The afternoon session hosted areas such as graphica (about graphic novels and comics), author study and poetry. The children were encouraged to write about their experiences at the stations.

Junior Elissa Blackhurst worked at the graphica station and said some children stayed there for the entire three-hour session.

“I thought kids would be goofing off most of the time,” Blackhurst said.
“But they were all really interested and enthusiastic in what they were writing.”

Junior Stephanie Burke, who worked during the morning session, agreed and said that even the 3-year-olds built foundations in writing by drawing pictures to convey thoughts.

“Many of the children were able to express really great stories and ideas in their books even if it didn’t look like a story [with] properly formed letters to an advanced writer,” junior Kelsey Lange, who staffed that morning’s dramatic play area, said in an e-mail.

Schools often limit what children can write about and how they write, Larson said.

So, providing an environment that is less concerned with conventions, such as spelling and grammar, allows children to take more risks in their writing, she said.

“Certainly conventions are important, but if we’re going to develop engaging writers…it’s going to have to be more than just
spelling [that’s taught],”
Larson said. “The piece for them that I wanted students to come away with is students need to see a lot of models as writers.”

Larson said that these “models” include topics such as plot and character development in addition to grammar.

The Linfield students said that encouraging the children to explore their identity as writers was inspiring.

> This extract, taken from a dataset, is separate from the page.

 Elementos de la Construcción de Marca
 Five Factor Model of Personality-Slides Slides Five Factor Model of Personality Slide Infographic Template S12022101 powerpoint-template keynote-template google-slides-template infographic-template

“Kids are so creative, and for me, personally, watching them and watching them come up with their ideas, I try to emulate them,” Burke said.

Burke and Blackhurst agreed that as they’ve grown as writers, they’ve stopped taking risks in their writing. And the risks that they observed the children take motivated them to practice what they were teaching, Blackhurst said.

“They just have an idea and go with it,” she said of the children. “[It’s] inspiring that they don’t have to think about it.”

Kelley Hungerford

Editor-in-chief Kelley Hungerford can be reached at [email protected]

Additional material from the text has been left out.